• Data section:

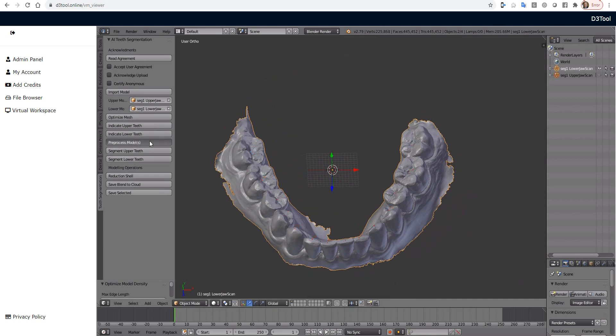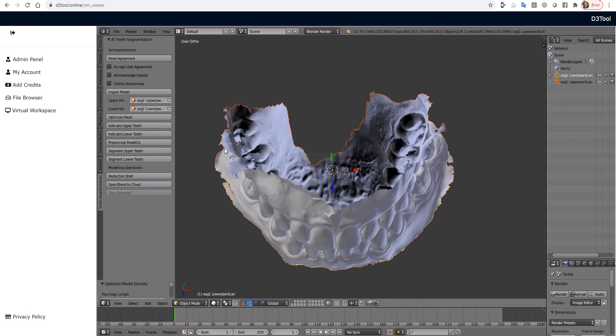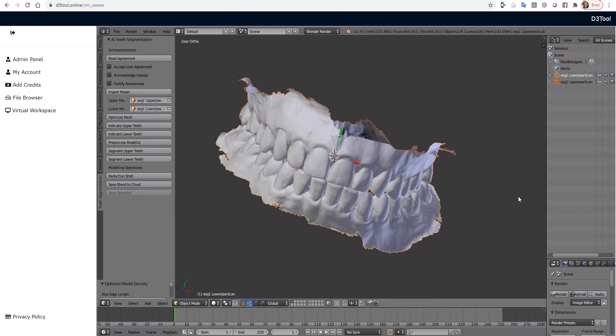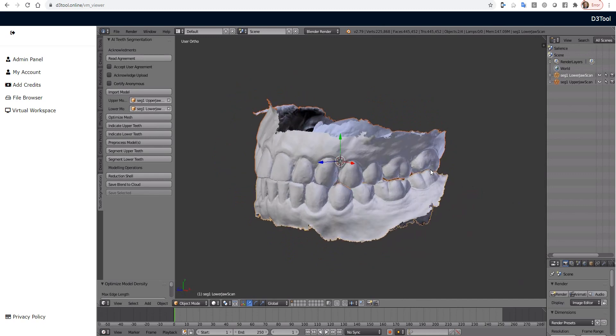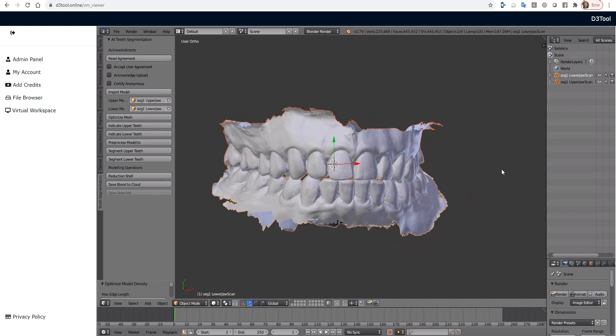Now we're going to pre-process the models. That should take about 20-30 seconds. Great. And they'll appear this nice bright white.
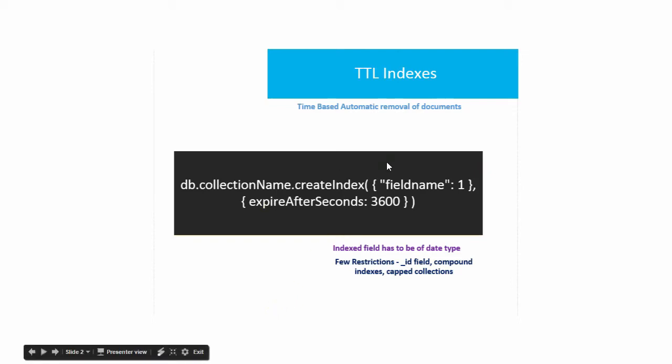One of the coolest, simplest and very useful features of MongoDB is TTL indexes. TTL stands for time to live.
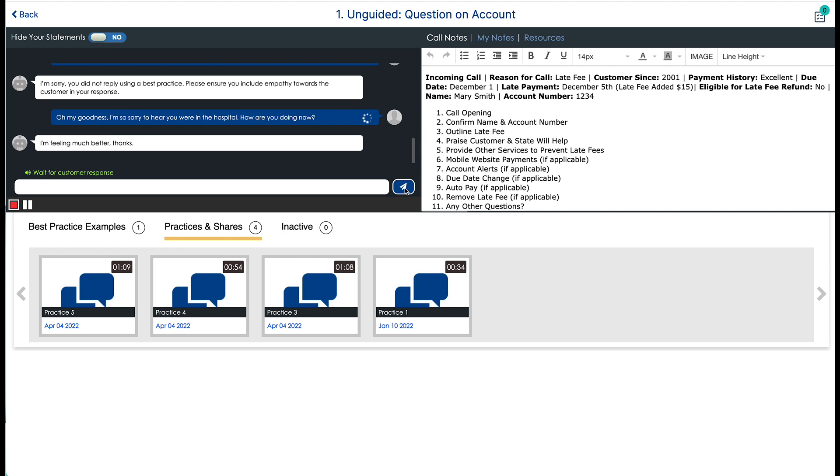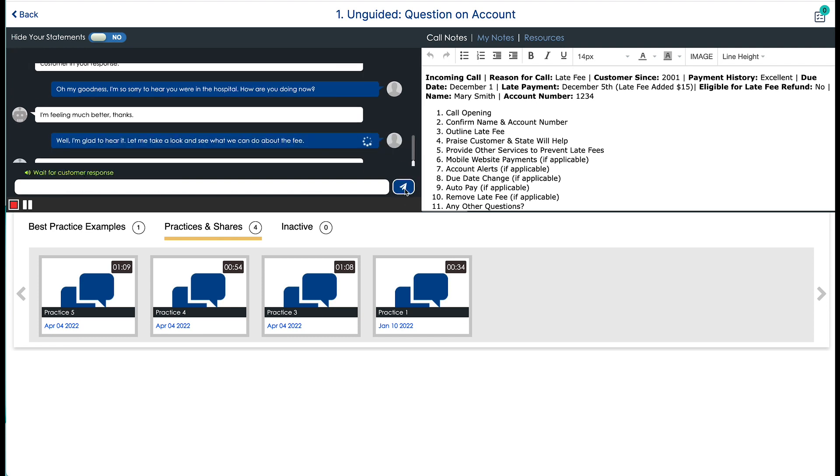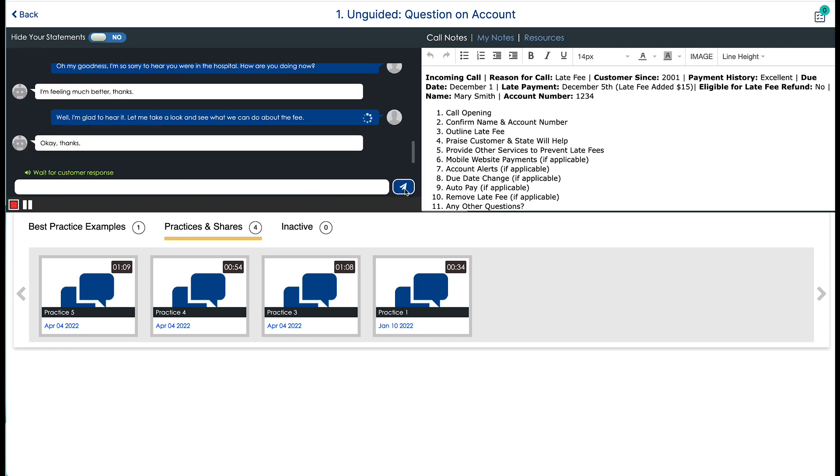I'm feeling much better, thanks. Well, I'm glad to hear it. Let me take a look and see what we can do about the fee. Okay, thanks.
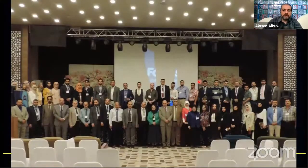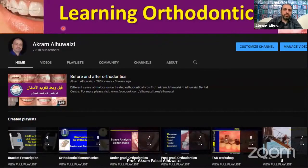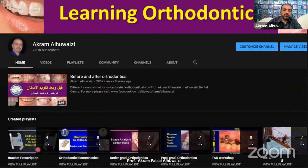I'm also the president of the Iraqi Orthodontics Society for the past three years and we have some scientific events going on. I have a YouTube channel with about 7,000 subscribers and I've got a lot of orthodontic teaching videos.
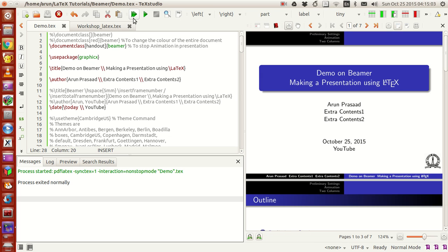Hello guys, my name is Arun and welcome to my channel. This series is a series of tutorials on LaTeX programming. In today's tutorial we'll be looking at a very interesting concept that will be useful for making presentations in LaTeX.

• What to work on:
The material above holds pictures; leave them out and set down exactly the lines from the line with "One of the coolest, simplest" to the line with "I'm feeling much", both included.

• Solution to this problem:
One of the coolest, simplest and very useful features of MongoDB is TTL indexes. TTL stands for time to live.
I'm feeling much better, thanks. Well, I'm glad to hear it. Let me take a look and see what we can do about the fee. Okay, thanks.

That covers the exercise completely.